Organ transplantation is the best possible treatment not just for kidney failures but end-stage failure of various other organs as well. Recently, an organ donation and transplantation legislation of 1998 was amended by the parliament  in 2016, which makes this year’s celebration even more important. Procurement and transplantation of organs as mentioned in the newly amended legislation will greatly reduce the need for Nepali citizens to travel abroad to get an organ transplant. The new legislation includes a few very important upgrades compared to the previous one. Human Organ Transplantation (Regulation and Prohibition) Act of 1998 had limited the people that could donate their organ from a relative to the immediate family members and cousins (excluding aunts) only.

The new law also paves the way for paired exchange provisions between two or more families. If someone in a family experiences an organ failure and has a willing donor but is unable to receive it due to incompatible crossmatch, the person can receive the organ from another family who is undergoing similar problems and the donor in their family is a match. Thus, the donors could ‘exchange’ organs and donate to recipients in the other family.  Western countries are relying more and more on this novel method of organ donation.  One of the most important aspects of the new law is the procurement of viable organs from a brain dead person. In developed nations, more that 80% transplantations are done using organs procured from brain dead people. At least 8 different organs can be harvested from one brain dead person such as, two kidneys, two lungs, one heart, one liver, one pancreas, one small intestine as well as two corneas and skin.

If a brain dead person had not given consent for organ donation prior to his/her death, any member of the family can give a written consent for the donation. However, if the deceased had specifically declined consent for organ donation while s/he was alive, then the organs cannot be procured even if a family member gives a written consent afterwards.

Any hospital or health centre that declares a person brain dead must immediately inform a coordination unit designated by the Nepal Government. Upon receiving the information, the unit must then contact related health institutions for organ procurement and transplantation. The donor hospital will be responsible for providing necessary resources for organ retrieval procedures whereas the co-ordination unit will arrange the proper storage of the organs. It must also have extensive database of organ recipients as well as distributing the organs following strict government criteria. At present, Human Organ Transplant Centre in Bhaktapur is the designated unit for those duties. HOTC was highly influential in advocating changes in the legislation of 1998. HOTC has been performing one hundred transplants per year and is planning to initiate liver transplant in the near future.

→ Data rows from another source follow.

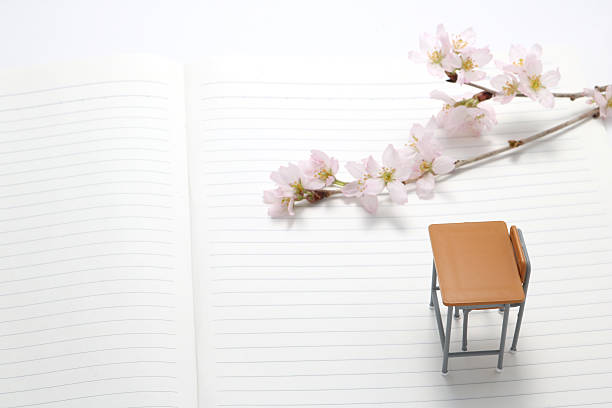 Study desk and cherry blossoms. Study desk and cherry blossoms on the notebook. high school enrollment stock pictures, royalty-free photos & images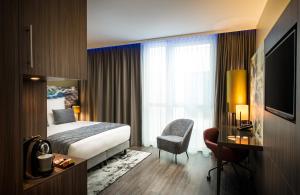Ein Bett oder Betten in einem Zimmer der Unterkunft Leonardo Hotel Eschborn Frankfurt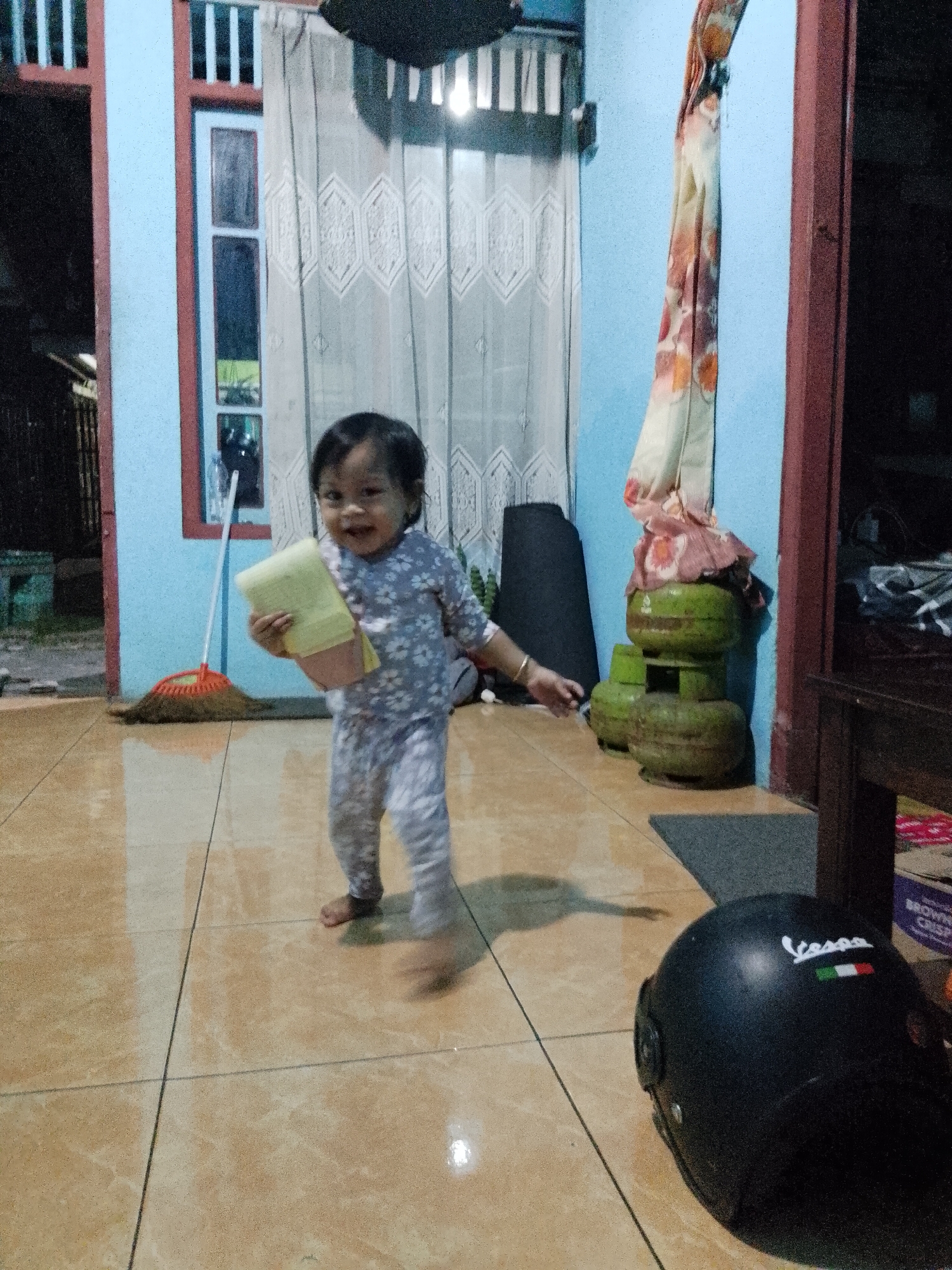 The image depicts a child, likely a toddler, standing in what appears to be an indoor residential setting, possibly a living room or hallway in Kecamatan Pati, Indonesia. The child is wearing a light-colored, patterned pajama set and is holding a yellow object, possibly a small towel or cloth, in their right hand. The child is smiling and looking towards the camera.
The floor is tiled with large, light brown tiles, and there are distinct grout lines. To the left of the child, a broom with an orange handle and a brown straw head is propped against a light blue wall. Behind the broom, a window with vertical white bars and red trim is visible, with patterned curtains hanging inside.
To the right of the child, three green gas cylinders are stacked vertically, with a floral patterned fabric draped over the top two. A dark gray rug is placed on the floor in front of the gas cylinders. Further to the right, a dark wooden table or cabinet is partially visible, and a black helmet with a white "Vespa" logo and the Italian flag is lying on the floor in the foreground. The lighting suggests it is either evening or nighttime, with artificial light sources illuminating the scene.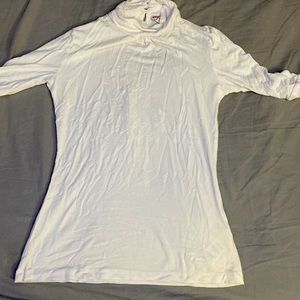 A white Authentic Guess Blouse in Mint Condition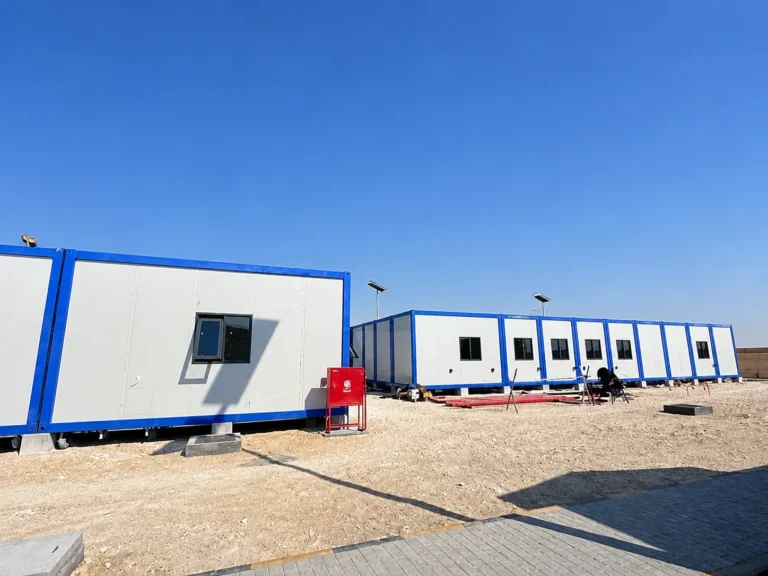 Row of white modular cabins with blue edges at the Oman welfare site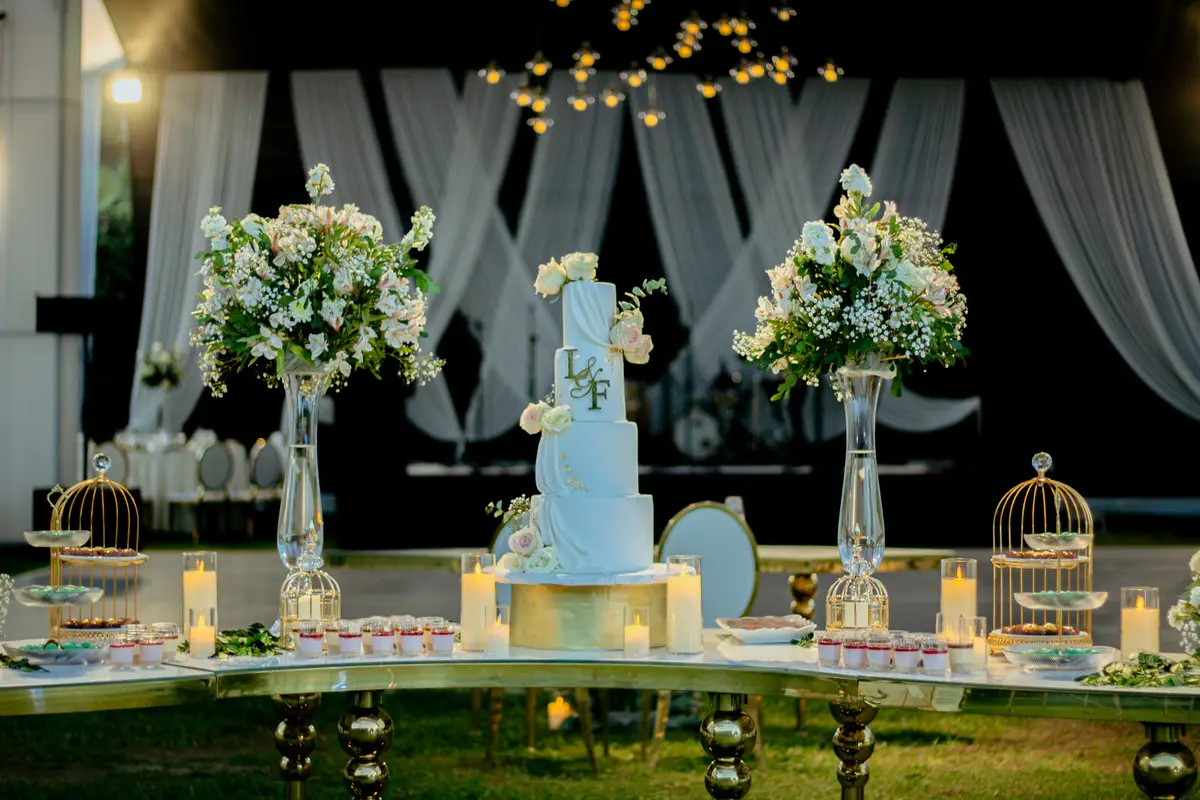 Mesa principal con torta de bodas, flores y luces cálidas bajo el toldo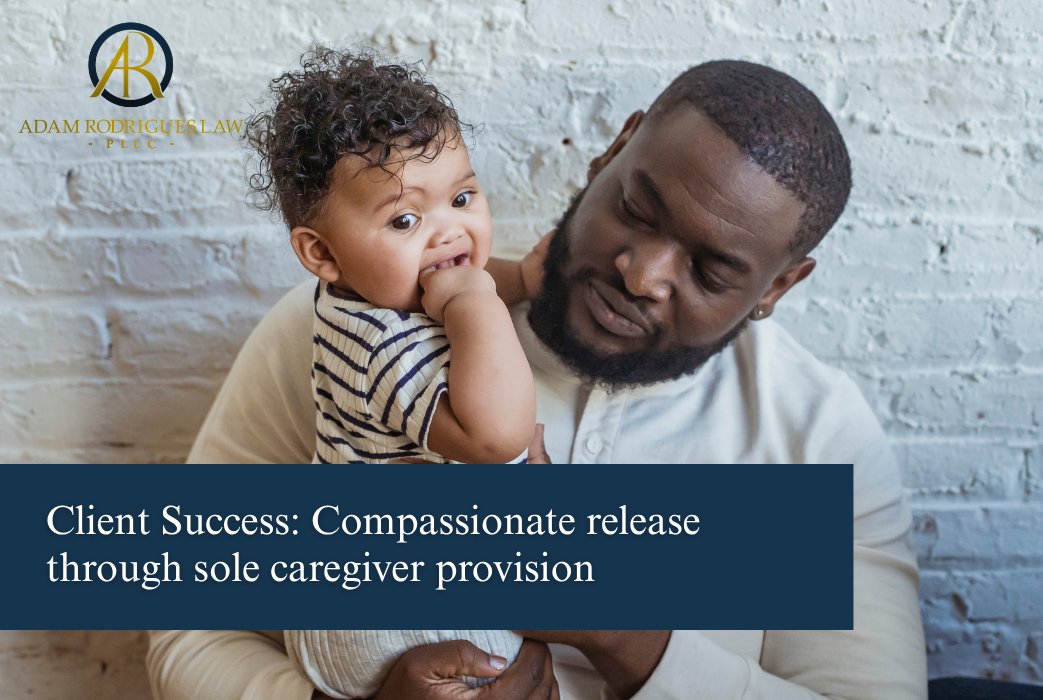Father holding his young child after compassionate release under the sole caregiver provision, 18 U.S.C. § 3582(c)(1)(A), Adam Rodrigues Law attorney at law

The Nepal Government can provide specified monetary compensation to the family or members of the brain dead patient whose organs have been used in transplantation. The new legislation is very flexible yet thorough in clarifying as well as encouraging (via monetary incentives) to effectively procure and transplant organs. According to an estimate, in Nepal, approximately three thousand people suffer from kidney failures.  One thousand suffer from liver failures; about three million suffer from diabetes, as well as numerous heart and lung failures. All of these patients could benefit from organ transplantation and have an opportunity to live a new healthier life which in turn could highly benefit the nation.

In Kathmandu alone, road accidents leave around one thousand people brain dead, whose organs, if procured, could save thousands of lives. If the newly amended legislation is implemented effectively, not only would this save lives for numerous Nepalese people but would also dissuade people from travelling to neighbouring countries and pay much higher fees to receive organs. They would be able to spend substantially lower amounts of money to get the procedure done in Nepal, which would also help the local economy and reduce drainage of our money overseas. This legislation can be a new milestone if Nepalese people are able to get easier access to donor organs in Nepal. This would also help curb illegal buying and selling of organs as well as reduce gender bias on who could receive the organs.

This legislation must not be abused and it is our responsibility to implement it in an impartial way and with a foresight of improving the health and benefitting all 30 million Nepalese people.

The writer is the Executive Director of Human Organ Transplant Centre and a liver and renal transplant expert

A version of this article appears in print on March 10, 2016 of The Himalayan Times.